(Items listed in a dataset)
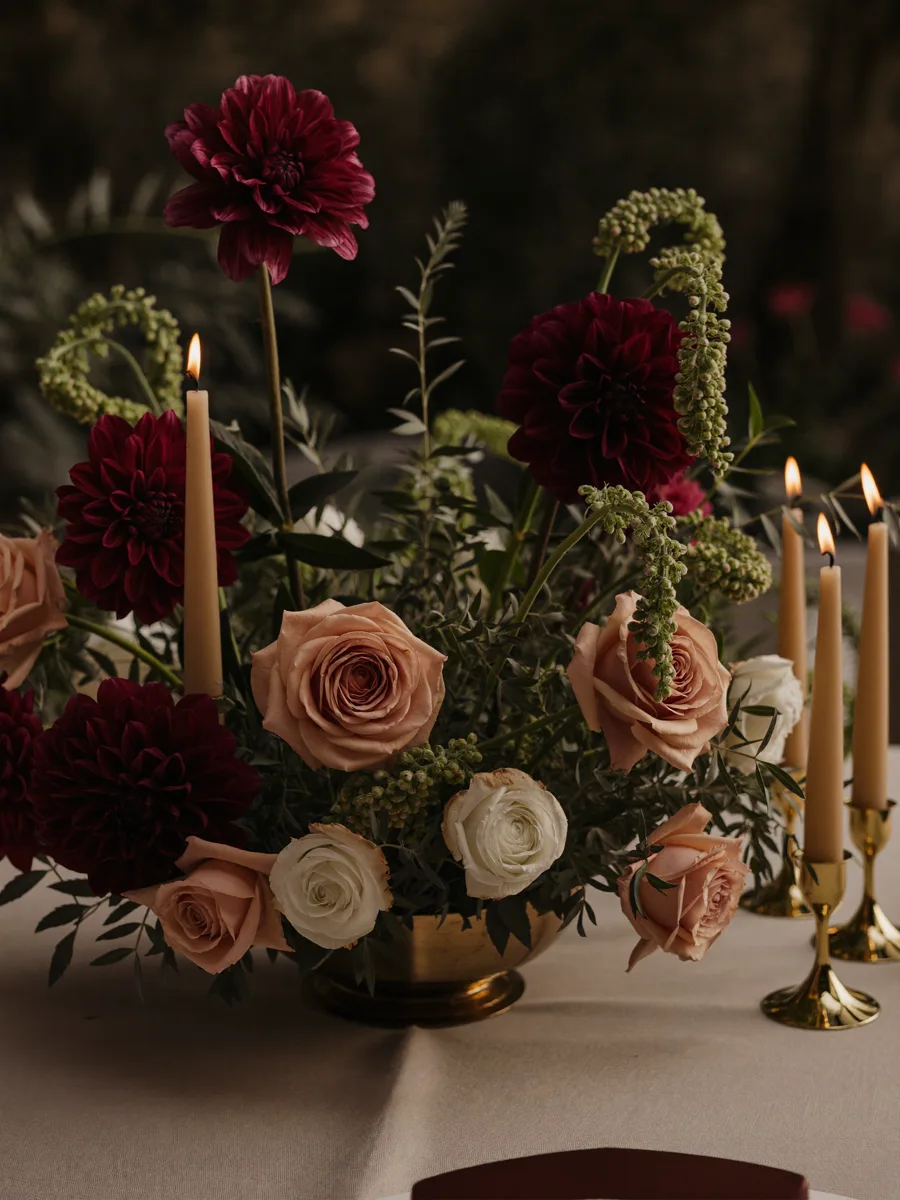 Lush centerpiece of burgundy dahlias, blush roses and taper candles in gold candlesticks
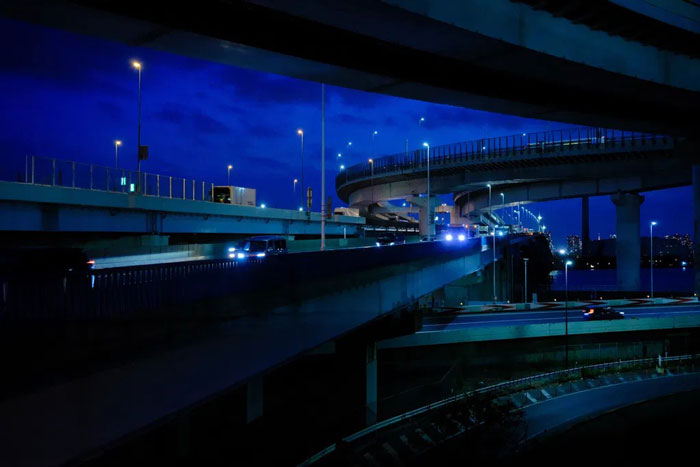 night time photograph of japanese winding highway bridges illuminated by car headlights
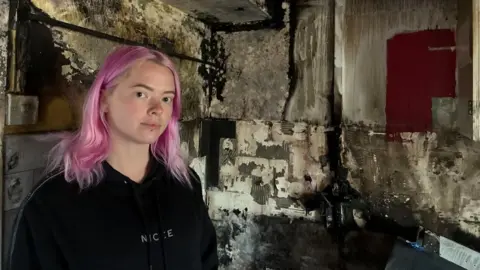 A woman with light pink hair and a black top stands in the burnt out kitchen with carred walls behind her.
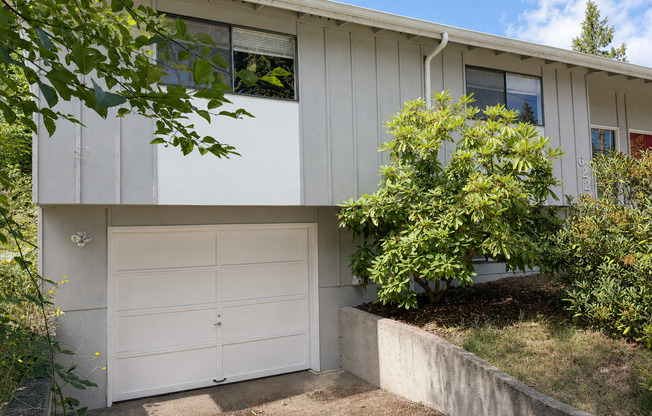 Beautiful Split-Level Home with Fireplace, Deck, Garage, and EV Charger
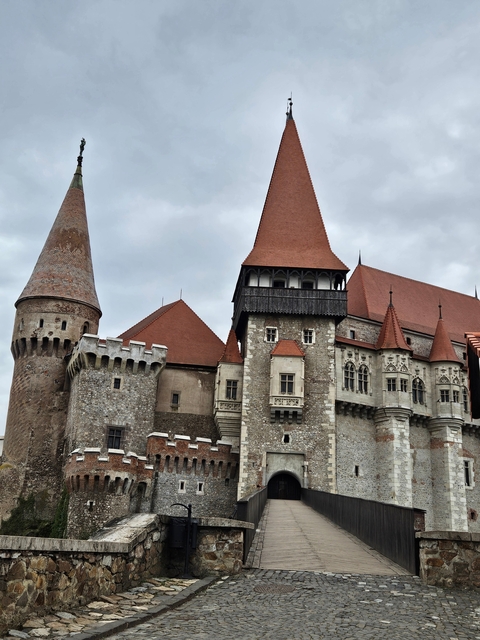       Gothic castle with stone walls and red-tiled roof.
  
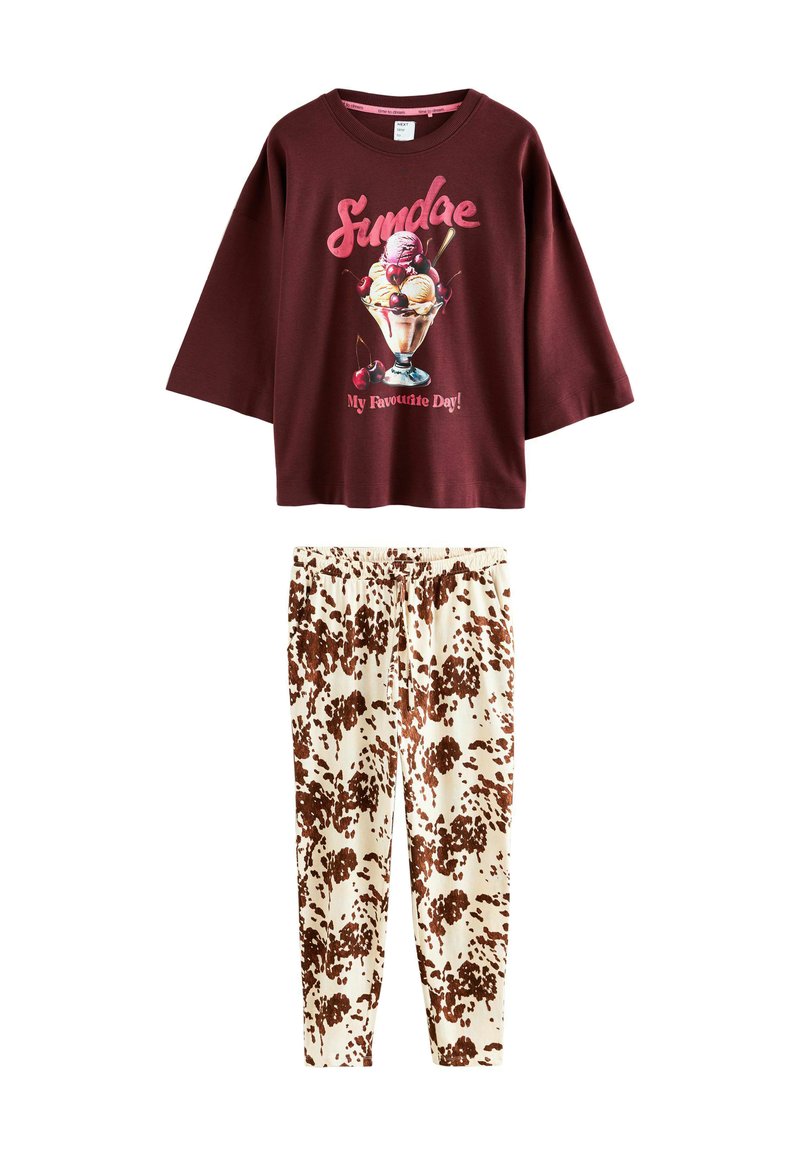 Burgundy short-sleeve t-shirt with ice cream graphic and text; cream pants with brown splotchy pattern; casual lounge set.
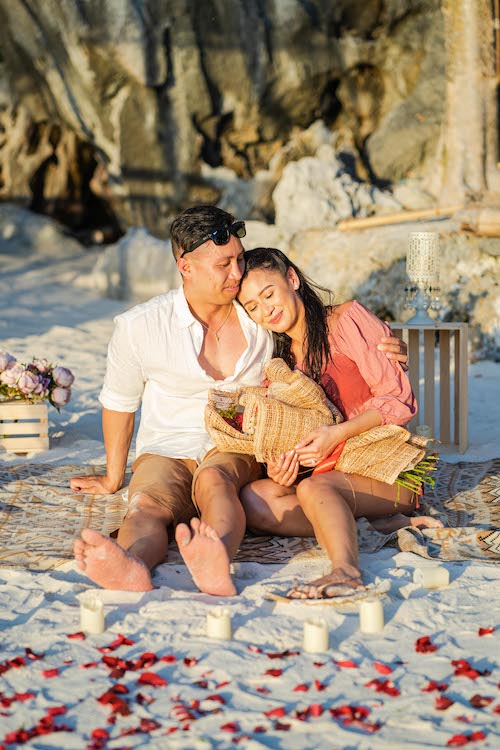 A couple sits on a beach, surrounded by candles and flower petals. The man, in a white shirt and shorts, embraces the woman in a pink dress holding a bouquet. This picturesque setting whispers of an intimate proposal as they appear relaxed and joyful in this natural paradise.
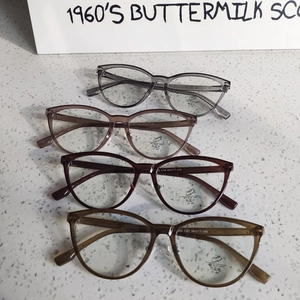 Vintage cat eye anti-blue light glasses in grey, pink, brown, and olive green frames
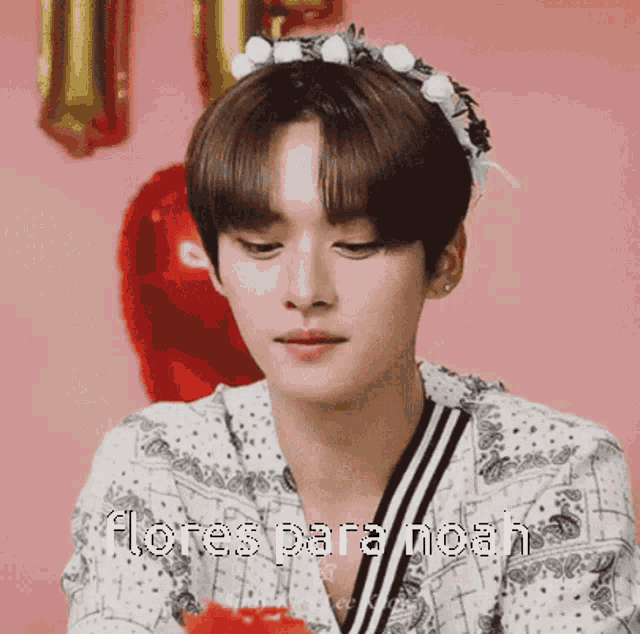 a young man wearing a flower crown with the words flores para noah written on it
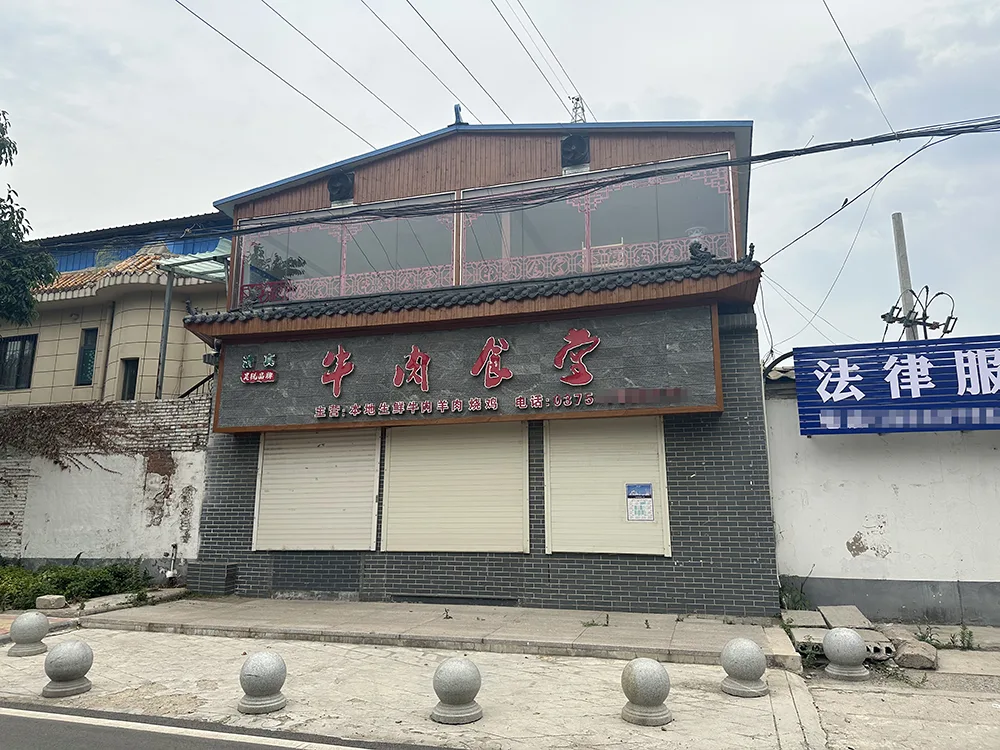 一栋两层小楼,招牌写着“牛肉食堂”,卷帘门紧闭,门前摆着石球路障,旁边是一块“法律服务”蓝色招牌。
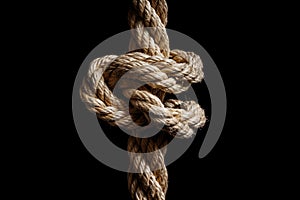 Generative AI Image Of Knot Tied In Length Of Rope Against Black Background Showing Concept Of Strength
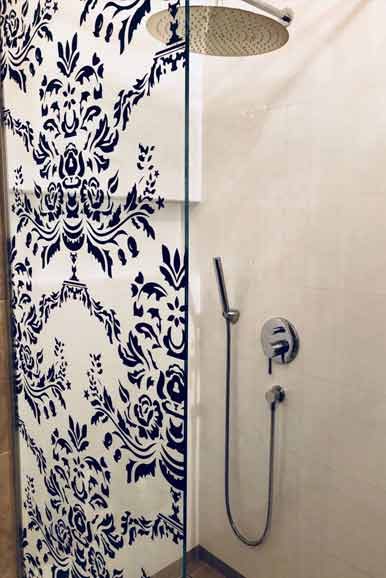 Dusche mit blau-weißer Ornamentwand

* [PROBLEM DETAILS]: Reproduce exactly, with no pictures, the lines above from the one holding "Burgundy short-sleeve t-shirt" to the one holding "A couple sits", inclusive.

* [FINAL ANSWER]:
 Burgundy short-sleeve t-shirt with ice cream graphic and text; cream pants with brown splotchy pattern; casual lounge set.
 A couple sits on a beach, surrounded by candles and flower petals. The man, in a white shirt and shorts, embraces the woman in a pink dress holding a bouquet. This picturesque setting whispers of an intimate proposal as they appear relaxed and joyful in this natural paradise.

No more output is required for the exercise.